# [INPUT MATERIAL]
=== Section Start ===
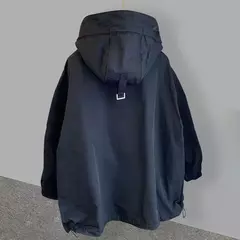 Pulôver casual com capuz masculino, bolsos sólidos, carga, esportes ao ar livre, tops de viagem, quebra-vento preto, meia zip, outono, primavera - comprar online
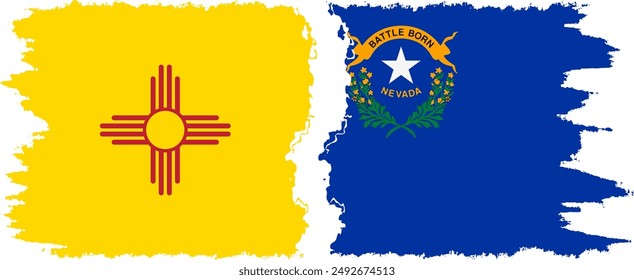 Nevada and New Mexico states grunge brush flags connection, vector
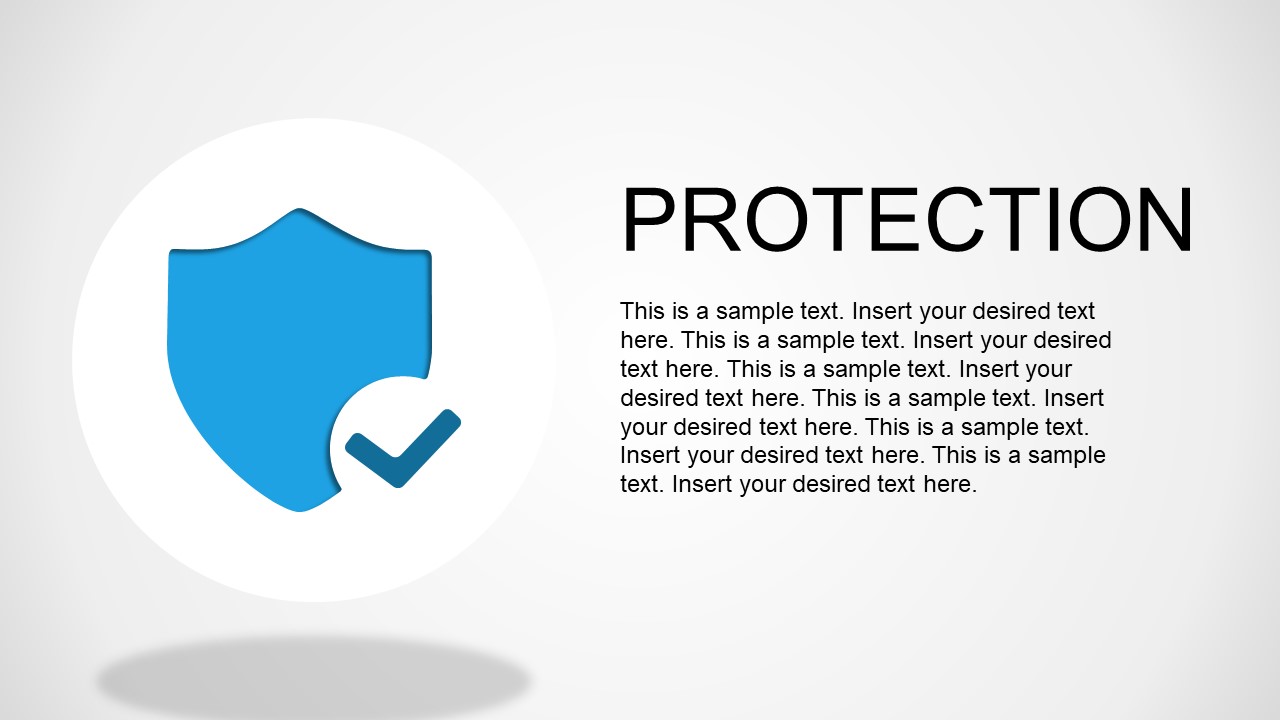 Security Shield Blue Image PPT Template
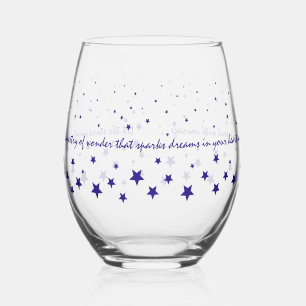 Personalized Inspirational Quote Among Blue Stars Stemless Wine Glass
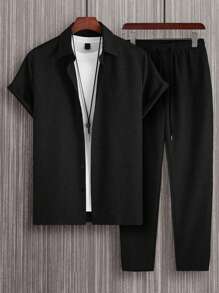 Manfinity Homme 男士素色襯衫&腰部抽繩長褲不帶T恤 - 黑色 - 查看 1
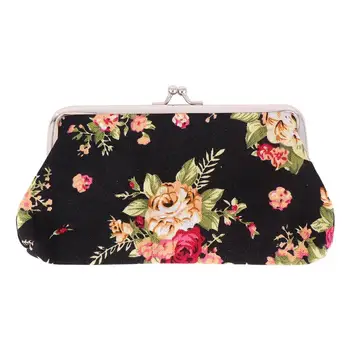 

Vintage Flower Wallet Lady Buckle Clutch Bag Rose Pattern Coin Purse for Woman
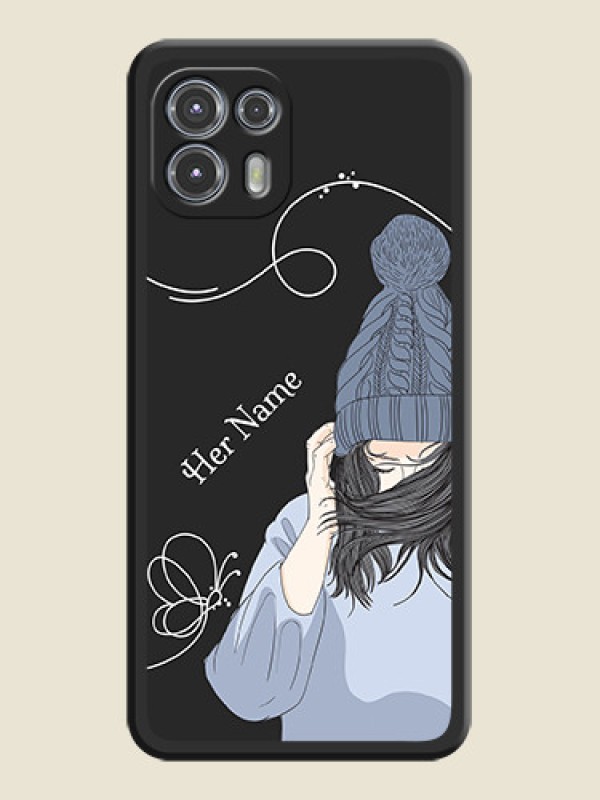 Custom Girl With Blue Winter Outfiit Custom Text Design On Space Black Personalized Soft Matte Phone Covers -Motorola Moto Edge 20 Fusion 5G - alternate view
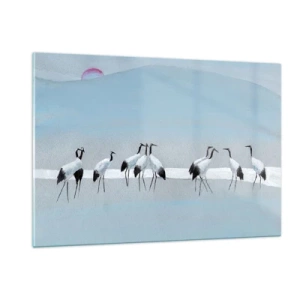 Impression sur verre - Image sur verre - Un groupe de grues sur fond de montagnes bleues et d'un coucher de soleil - 120x80cm - Après une chaude journée - Décoration murale moderne pour le salon et la chambre ARTTOR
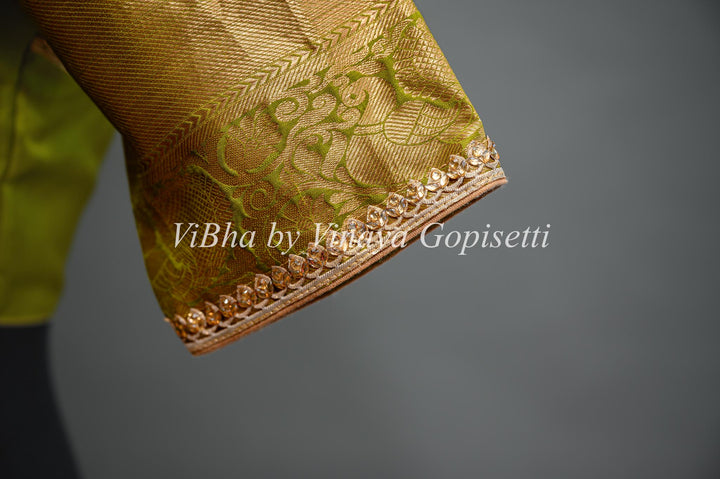 Olive Green Copper Zari Kanchi Silk Saree And Blouse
=== Section End ===
# [WHAT THE TASK ASKS]
What is needed is an exact copy of the lines from the one containing "Nevada and New" through the last line of the records, with every picture left out.

# [RESPONSE TO THE TASK]
 Nevada and New Mexico states grunge brush flags connection, vector
 Security Shield Blue Image PPT Template
 Personalized Inspirational Quote Among Blue Stars Stemless Wine Glass
 Manfinity Homme 男士素色襯衫&腰部抽繩長褲不帶T恤 - 黑色 - 查看 1

Vintage Flower Wallet Lady Buckle Clutch Bag Rose Pattern Coin Purse for Woman
 Custom Girl With Blue Winter Outfiit Custom Text Design On Space Black Personalized Soft Matte Phone Covers -Motorola Moto Edge 20 Fusion 5G - alternate view
 Impression sur verre - Image sur verre - Un groupe de grues sur fond de montagnes bleues et d'un coucher de soleil - 120x80cm - Après une chaude journée - Décoration murale moderne pour le salon et la chambre ARTTOR
 Olive Green Copper Zari Kanchi Silk Saree And Blouse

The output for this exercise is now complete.